Marine Environment - The Mediterranean coast is arguably the country's greatest recreation and tourist asset. However, the unfettered building of marinas, coustal housing, and private beaches greatly limit accessibility to the public. Additionally, development of the gas and oil industries coupled with decades of over-fishing has dramatically harmed the marine habitat. SPNI is working at ever level to keep Israel's beaches clean, ecologically healthy, and accessible to all.
Birdlife - the Israel Ornithological Center of SPNI - Israel lies at a bottleneck along one of the world's most important migration flyways. Twice a year, 500 million birds are funneled over Israel; most are on their way back and forth from their nesting grounds in Europe and Asia to their wintering grounds in Africa.
Mammal Conservation - SPNI is one of the central organizations monitoring mammal species in Israel. We strive to reduce conflict between humans and wild animals through research, education and conservation. Working together with our partners including the Ministry for Environmental Protection, Nature and Park Authority, Universities and zoos we carry out cutting edge research and develop new techniques and approaches to protect Israel’s wild, native mammals.
Environmental Education - SPNI nurtures young people's connection to their own communities, heritage and the Land, thus raising a sentinel generation that will appreciate, love and protect Israel's natural treasures. SPNI has always looked to the children as the stewards of the future, and the reason is clear. Children's life habits are formed at an early age. If we successfully reach out to them during this formative period, a very high percentage will embrace an environmentally-friendly lifestyle. By focusing on children, and sparking their appreciation and understanding of the environment, we are creating the proise of a sustainable Israel. SPNI educational programming reaches tens of thousands of students nationwide, in a wide range of communities, in both formal and informal education programs.

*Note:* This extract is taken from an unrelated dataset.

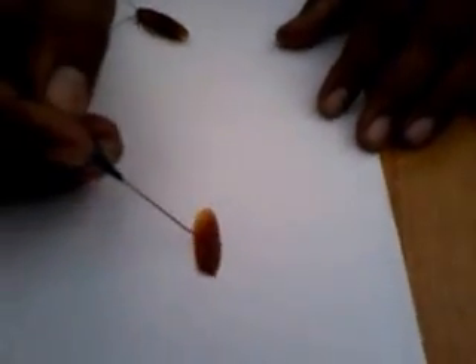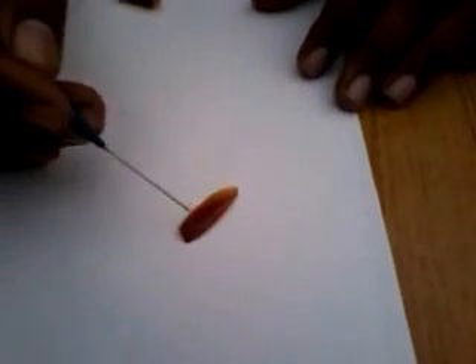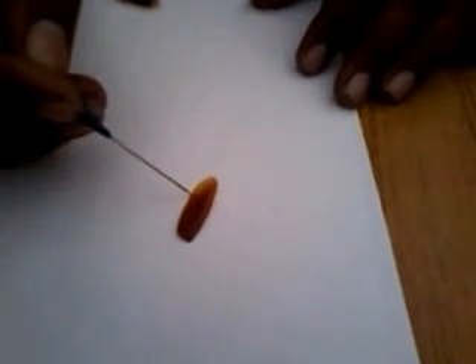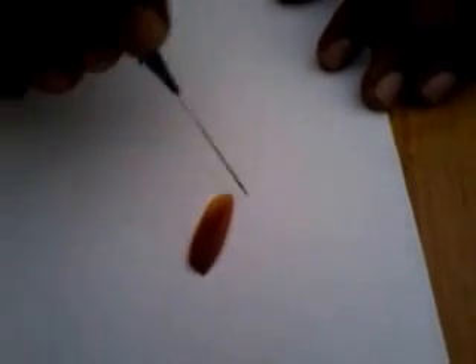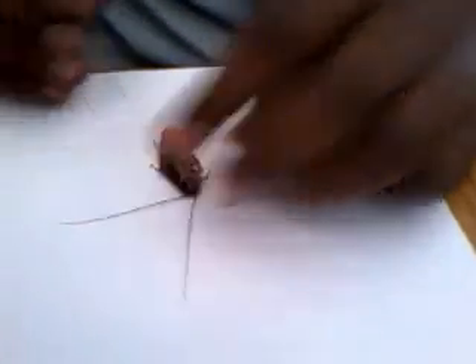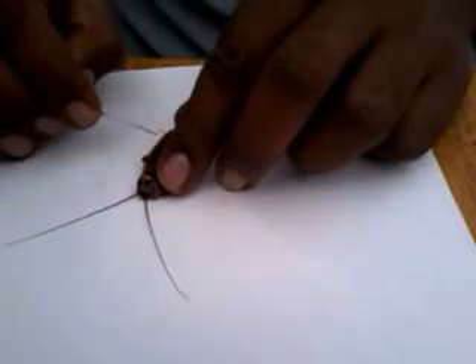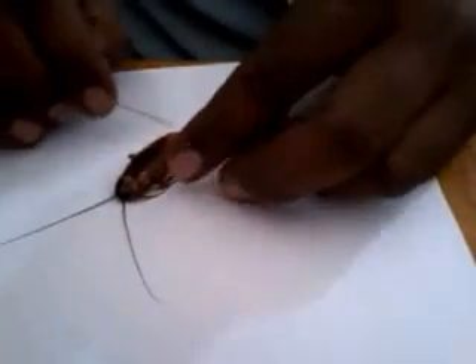This is the forewing. It is leathery in nature and it is not useful for flight — it is thick and leathery. It is protective in function and covers the hind wings, which are the functional wings used for flight.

Urban Communities - SPNI's Urban Branches are also known as "Kehilot" (Communities in Hebrew) as they bring local communities together toward shared environmental goals. A revolutionary concept, each Kehila develops itself within the framwork of the needs of each individual community. Though every community has specific concerns and needs crucial to its sustainable future, SPNI’s urban branches share the same primary objectives.
As mentioned in some of our main projects' goals Israel is an essential pathway for a large variety of wildlife and we at The Society for the Protection of Nature make sure that the animals that come from all the countries surrounding Israel (the Network) arrive to their destinations and return to their original starting point safe and sound thus helping the Network preserve it's natural heritage.
We would like to join the ALF Network in the hope to work together in achieving our mission to protect the nature and preserve the natural habitats of animals and plants around the world.